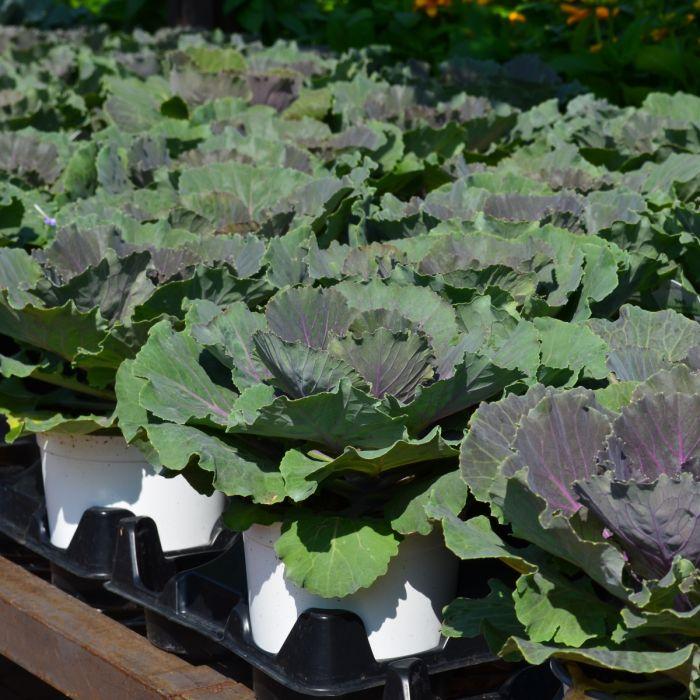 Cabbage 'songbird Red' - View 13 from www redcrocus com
******************************
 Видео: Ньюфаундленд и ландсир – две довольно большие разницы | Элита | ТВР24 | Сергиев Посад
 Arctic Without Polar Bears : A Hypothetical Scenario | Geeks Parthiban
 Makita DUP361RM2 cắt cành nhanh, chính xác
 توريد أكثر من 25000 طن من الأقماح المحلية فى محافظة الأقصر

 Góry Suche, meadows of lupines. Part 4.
******************************
▶ [Task prompt]:
Among the entries above, the lines between the ones containing "توريد أكثر من" and "Góry Suche, meadows of lupines. Part 4.", inclusive, are to be transcribed exactly. No other line is to be given.

▶ [Worked solution]:
 توريد أكثر من 25000 طن من الأقماح المحلية فى محافظة الأقصر

 Góry Suche, meadows of lupines. Part 4.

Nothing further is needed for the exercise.